§ **What the task requires**: Reproduce the entries below in full and without error.

§ **Input**:
....................
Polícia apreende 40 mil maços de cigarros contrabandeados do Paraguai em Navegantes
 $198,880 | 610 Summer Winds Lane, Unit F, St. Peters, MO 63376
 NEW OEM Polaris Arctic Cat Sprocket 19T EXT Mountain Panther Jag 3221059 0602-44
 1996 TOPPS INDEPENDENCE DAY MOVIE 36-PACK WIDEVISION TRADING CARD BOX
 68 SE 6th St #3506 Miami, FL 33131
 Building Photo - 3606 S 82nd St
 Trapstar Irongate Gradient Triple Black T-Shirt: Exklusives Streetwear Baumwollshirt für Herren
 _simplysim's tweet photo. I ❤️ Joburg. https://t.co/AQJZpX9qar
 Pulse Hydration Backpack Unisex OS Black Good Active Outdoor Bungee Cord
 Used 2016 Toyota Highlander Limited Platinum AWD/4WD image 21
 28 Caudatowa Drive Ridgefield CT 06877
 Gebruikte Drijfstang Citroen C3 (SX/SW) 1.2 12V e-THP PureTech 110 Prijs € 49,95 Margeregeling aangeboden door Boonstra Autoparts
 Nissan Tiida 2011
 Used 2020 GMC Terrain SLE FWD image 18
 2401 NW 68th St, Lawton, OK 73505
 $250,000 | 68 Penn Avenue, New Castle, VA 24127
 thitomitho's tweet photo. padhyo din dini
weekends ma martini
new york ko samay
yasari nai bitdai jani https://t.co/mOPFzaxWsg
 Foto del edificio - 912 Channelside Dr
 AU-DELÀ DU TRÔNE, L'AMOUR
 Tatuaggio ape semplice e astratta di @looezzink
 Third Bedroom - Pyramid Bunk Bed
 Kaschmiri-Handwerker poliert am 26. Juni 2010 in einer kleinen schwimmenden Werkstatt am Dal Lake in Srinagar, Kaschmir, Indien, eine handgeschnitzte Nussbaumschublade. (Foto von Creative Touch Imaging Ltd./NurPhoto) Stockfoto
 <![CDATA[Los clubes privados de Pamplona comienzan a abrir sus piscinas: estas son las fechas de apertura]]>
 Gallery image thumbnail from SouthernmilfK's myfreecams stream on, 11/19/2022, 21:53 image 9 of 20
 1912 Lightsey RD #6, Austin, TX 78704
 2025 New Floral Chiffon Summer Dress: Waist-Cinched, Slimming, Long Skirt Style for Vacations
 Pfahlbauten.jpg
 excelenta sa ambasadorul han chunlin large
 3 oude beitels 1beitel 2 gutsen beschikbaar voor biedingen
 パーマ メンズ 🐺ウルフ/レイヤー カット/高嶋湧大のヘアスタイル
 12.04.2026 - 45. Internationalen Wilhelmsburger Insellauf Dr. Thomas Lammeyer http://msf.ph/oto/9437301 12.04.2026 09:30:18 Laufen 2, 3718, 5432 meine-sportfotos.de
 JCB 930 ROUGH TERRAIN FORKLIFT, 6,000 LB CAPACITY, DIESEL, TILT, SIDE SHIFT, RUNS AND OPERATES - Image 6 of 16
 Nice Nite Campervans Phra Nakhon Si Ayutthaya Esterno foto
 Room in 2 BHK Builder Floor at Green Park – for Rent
....................
§ **Task answer**:
Polícia apreende 40 mil maços de cigarros contrabandeados do Paraguai em Navegantes
 $198,880 | 610 Summer Winds Lane, Unit F, St. Peters, MO 63376
 NEW OEM Polaris Arctic Cat Sprocket 19T EXT Mountain Panther Jag 3221059 0602-44
 1996 TOPPS INDEPENDENCE DAY MOVIE 36-PACK WIDEVISION TRADING CARD BOX
 68 SE 6th St #3506 Miami, FL 33131
 Building Photo - 3606 S 82nd St
 Trapstar Irongate Gradient Triple Black T-Shirt: Exklusives Streetwear Baumwollshirt für Herren
 _simplysim's tweet photo. I ❤️ Joburg. https://t.co/AQJZpX9qar
 Pulse Hydration Backpack Unisex OS Black Good Active Outdoor Bungee Cord
 Used 2016 Toyota Highlander Limited Platinum AWD/4WD image 21
 28 Caudatowa Drive Ridgefield CT 06877
 Gebruikte Drijfstang Citroen C3 (SX/SW) 1.2 12V e-THP PureTech 110 Prijs € 49,95 Margeregeling aangeboden door Boonstra Autoparts
 Nissan Tiida 2011
 Used 2020 GMC Terrain SLE FWD image 18
 2401 NW 68th St, Lawton, OK 73505
 $250,000 | 68 Penn Avenue, New Castle, VA 24127
 thitomitho's tweet photo. padhyo din dini
weekends ma martini
new york ko samay
yasari nai bitdai jani https://t.co/mOPFzaxWsg
 Foto del edificio - 912 Channelside Dr
 AU-DELÀ DU TRÔNE, L'AMOUR
 Tatuaggio ape semplice e astratta di @looezzink
 Third Bedroom - Pyramid Bunk Bed
 Kaschmiri-Handwerker poliert am 26. Juni 2010 in einer kleinen schwimmenden Werkstatt am Dal Lake in Srinagar, Kaschmir, Indien, eine handgeschnitzte Nussbaumschublade. (Foto von Creative Touch Imaging Ltd./NurPhoto) Stockfoto
 <![CDATA[Los clubes privados de Pamplona comienzan a abrir sus piscinas: estas son las fechas de apertura]]>
 Gallery image thumbnail from SouthernmilfK's myfreecams stream on, 11/19/2022, 21:53 image 9 of 20
 1912 Lightsey RD #6, Austin, TX 78704
 2025 New Floral Chiffon Summer Dress: Waist-Cinched, Slimming, Long Skirt Style for Vacations
 Pfahlbauten.jpg
 excelenta sa ambasadorul han chunlin large
 3 oude beitels 1beitel 2 gutsen beschikbaar voor biedingen
 パーマ メンズ 🐺ウルフ/レイヤー カット/高嶋湧大のヘアスタイル
 12.04.2026 - 45. Internationalen Wilhelmsburger Insellauf Dr. Thomas Lammeyer http://msf.ph/oto/9437301 12.04.2026 09:30:18 Laufen 2, 3718, 5432 meine-sportfotos.de
 JCB 930 ROUGH TERRAIN FORKLIFT, 6,000 LB CAPACITY, DIESEL, TILT, SIDE SHIFT, RUNS AND OPERATES - Image 6 of 16
 Nice Nite Campervans Phra Nakhon Si Ayutthaya Esterno foto
 Room in 2 BHK Builder Floor at Green Park – for Rent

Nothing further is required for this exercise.